Viu que o seu escriturário é pai de quatro filhos, e com eles e a esposa mostram uma atenção carinhosa pelo mais moço, o frágil Pequeno Tim, que tem problemas na perna como sequela da poliomielite.

Por fim, aparece o Fantasma dos Natais Futuros que silencioso aponta a cena da sua morte solitária, sem amigos, e seu enterro tristemente indigente num cenário que emocionou Scrooge. Este, no dia seguinte, acordou completamente modificado, levantando-se sentimental e generoso.

Como um homem novo, o antigo avarento foi tomado pelo Espírito do Natal. Decidiu ajudar o seu empregado Bob Cratchit e torna-se um segundo pai para o Pequeno Tim. Escrito por Dickens entre outubro e novembro de 1843, “Um Conto de Natal” é visto como o criador das atuais celebrações natalinas.

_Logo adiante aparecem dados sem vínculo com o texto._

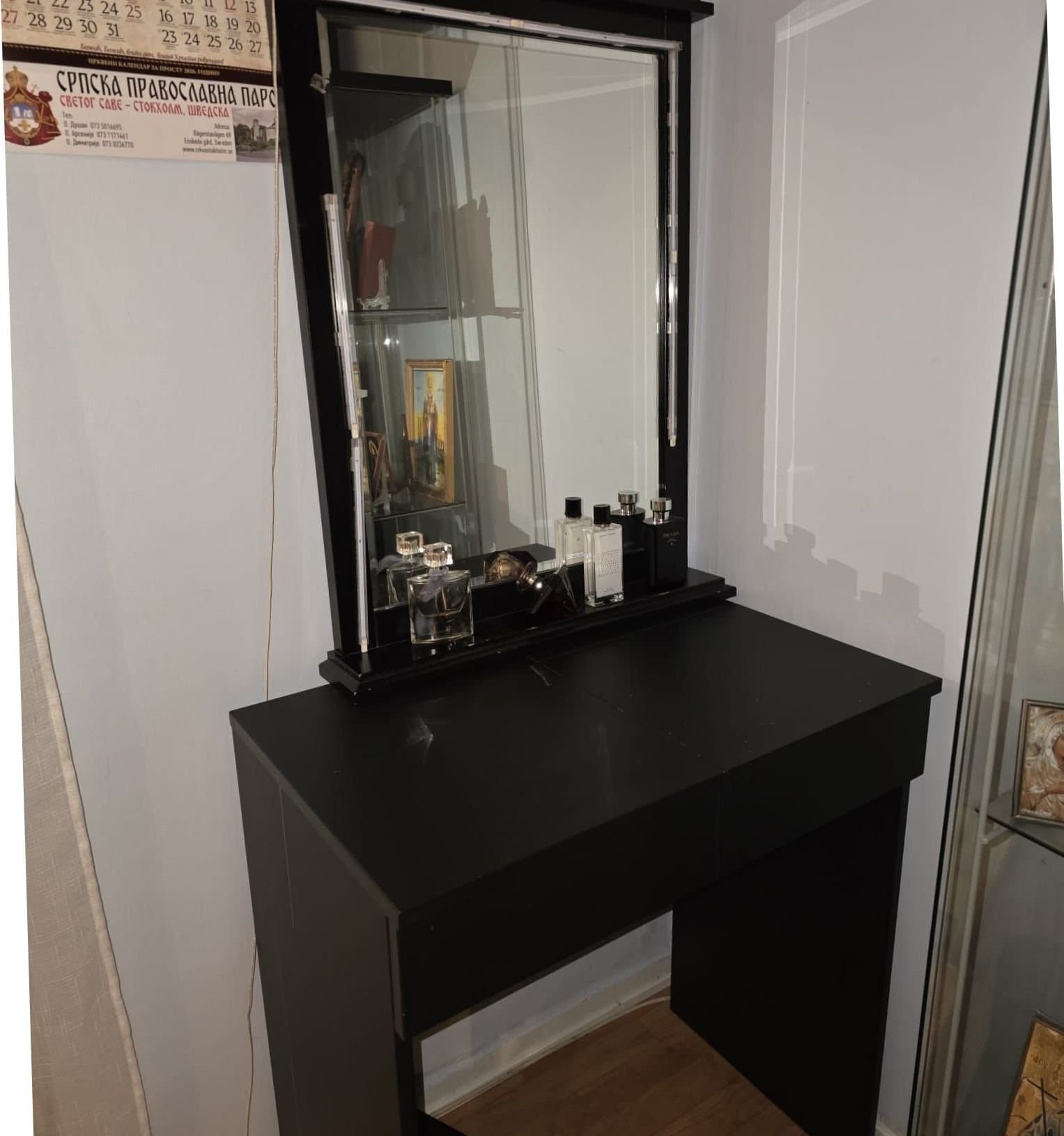 Svart sminkbord med spegel och pall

Na literatura, teatro e cinema brasileiros, chega-nos uma versão ingênua da fantasmagoria com “Pluft – O Fantasminha” de Maria Clara Machado, revertendo toda expectativa amedrontadora dos Fantasmas, ao levar à cena um fantasminha tímido que tem medo das pessoas….

A intelectual e respeitada teatróloga patrícia, Maria Clara Machado, deu um mergulho na ficção totalmente distinta do que ocorre na política brasileira, onde dominam os fantasmas do horror, amedrontando o país ao promover a falta de educação, da saúde, da segurança e da corrupção.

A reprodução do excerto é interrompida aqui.